GIVEN DATA:
↓

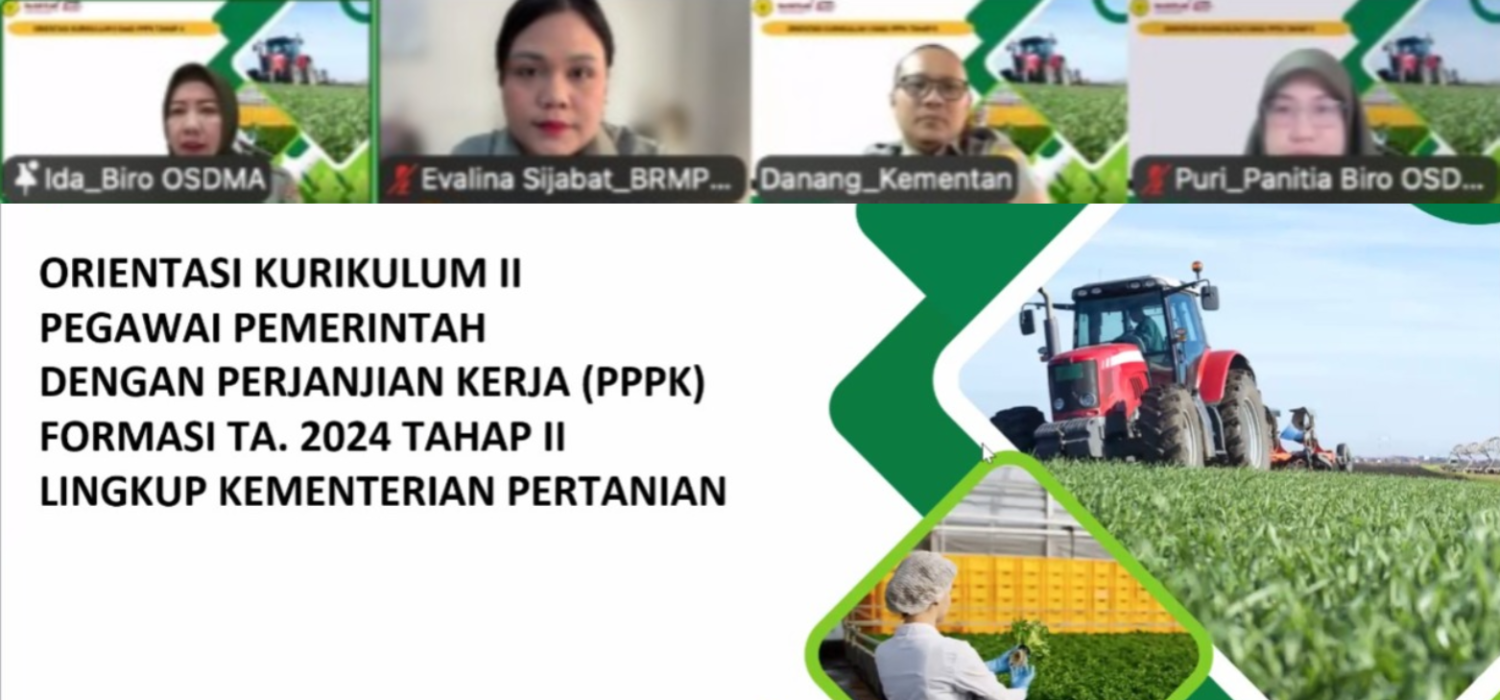 Menuju ASN Profesional, PPPK Tahap II BRMP Jambi Ikuti Orientasi Kurikulum II se-Kementan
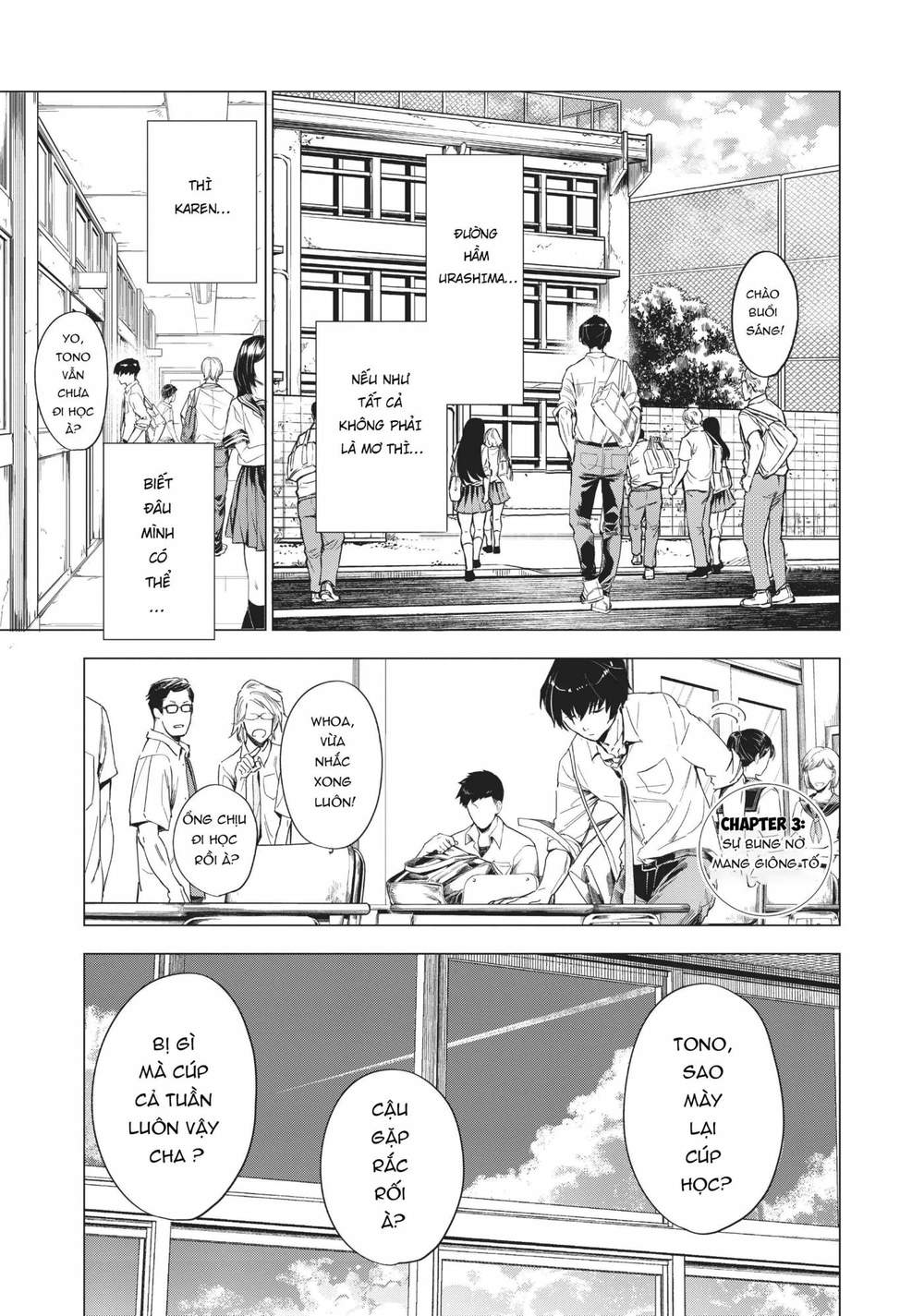 Natsu E No Tonneru, Sayonara No Deguchi Gunjou Chapter 3 - Trang 2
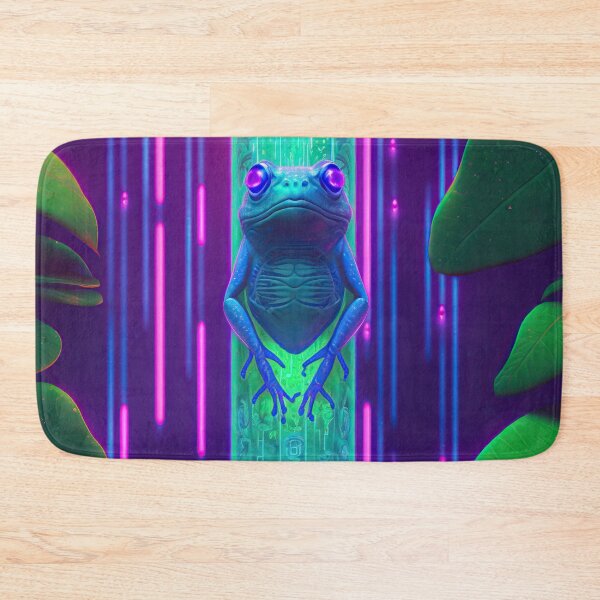 Item preview, futuristic frog designed and sold by IA-Power.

↑

HOW TO COMPLETE THIS TASK:
Retype, word for word, only the lines from the line with "Natsu E No Tonneru, Sayonara" to the final line of the listing above; the pictures do not belong in the copy.

EXPECTED OUTPUT:
 Natsu E No Tonneru, Sayonara No Deguchi Gunjou Chapter 3 - Trang 2
 Item preview, futuristic frog designed and sold by IA-Power.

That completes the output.